Records shown:
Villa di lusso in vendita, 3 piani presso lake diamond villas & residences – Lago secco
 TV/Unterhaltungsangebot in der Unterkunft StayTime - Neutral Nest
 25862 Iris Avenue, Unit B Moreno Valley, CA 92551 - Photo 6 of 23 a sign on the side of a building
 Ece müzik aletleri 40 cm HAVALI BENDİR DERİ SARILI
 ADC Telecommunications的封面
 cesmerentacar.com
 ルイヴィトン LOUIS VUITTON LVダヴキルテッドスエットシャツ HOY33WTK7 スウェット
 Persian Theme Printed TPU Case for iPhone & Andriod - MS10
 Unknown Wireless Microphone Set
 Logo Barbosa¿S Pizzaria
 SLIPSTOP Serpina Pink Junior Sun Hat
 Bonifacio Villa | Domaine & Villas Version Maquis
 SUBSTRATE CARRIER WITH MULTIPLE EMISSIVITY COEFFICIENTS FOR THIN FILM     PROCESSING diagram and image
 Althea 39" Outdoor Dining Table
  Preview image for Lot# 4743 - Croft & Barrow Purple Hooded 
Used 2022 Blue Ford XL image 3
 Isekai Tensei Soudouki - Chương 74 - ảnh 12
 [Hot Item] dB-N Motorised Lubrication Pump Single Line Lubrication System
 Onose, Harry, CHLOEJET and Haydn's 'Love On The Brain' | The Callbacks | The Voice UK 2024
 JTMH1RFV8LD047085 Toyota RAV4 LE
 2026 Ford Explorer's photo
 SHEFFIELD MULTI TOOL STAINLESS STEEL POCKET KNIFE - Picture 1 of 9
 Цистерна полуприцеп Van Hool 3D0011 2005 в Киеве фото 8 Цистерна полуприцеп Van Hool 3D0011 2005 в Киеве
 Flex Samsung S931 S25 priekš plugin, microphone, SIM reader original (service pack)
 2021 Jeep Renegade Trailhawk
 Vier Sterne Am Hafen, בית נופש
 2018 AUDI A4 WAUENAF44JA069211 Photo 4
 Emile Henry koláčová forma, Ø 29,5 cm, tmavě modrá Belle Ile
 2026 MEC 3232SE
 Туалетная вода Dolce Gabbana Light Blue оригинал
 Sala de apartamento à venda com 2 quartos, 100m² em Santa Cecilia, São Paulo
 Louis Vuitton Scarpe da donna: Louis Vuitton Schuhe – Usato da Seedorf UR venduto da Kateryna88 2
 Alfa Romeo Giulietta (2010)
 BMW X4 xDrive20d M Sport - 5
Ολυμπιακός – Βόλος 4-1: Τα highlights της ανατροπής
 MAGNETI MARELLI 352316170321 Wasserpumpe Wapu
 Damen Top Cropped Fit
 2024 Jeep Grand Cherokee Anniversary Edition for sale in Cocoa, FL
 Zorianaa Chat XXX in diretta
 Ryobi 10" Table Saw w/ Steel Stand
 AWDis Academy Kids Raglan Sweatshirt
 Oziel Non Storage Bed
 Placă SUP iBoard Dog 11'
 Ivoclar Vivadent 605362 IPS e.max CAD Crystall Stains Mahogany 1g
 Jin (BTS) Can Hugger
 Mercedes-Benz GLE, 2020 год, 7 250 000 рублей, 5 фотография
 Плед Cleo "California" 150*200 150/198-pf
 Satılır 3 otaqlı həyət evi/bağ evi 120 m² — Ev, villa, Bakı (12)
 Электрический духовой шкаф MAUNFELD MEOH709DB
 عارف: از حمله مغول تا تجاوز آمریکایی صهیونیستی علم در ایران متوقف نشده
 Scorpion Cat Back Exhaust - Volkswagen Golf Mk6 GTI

Exercise goal:
Nothing but a number should be given for this: how many lines in the entries above contain "Ford"?

Answer to the exercise:
2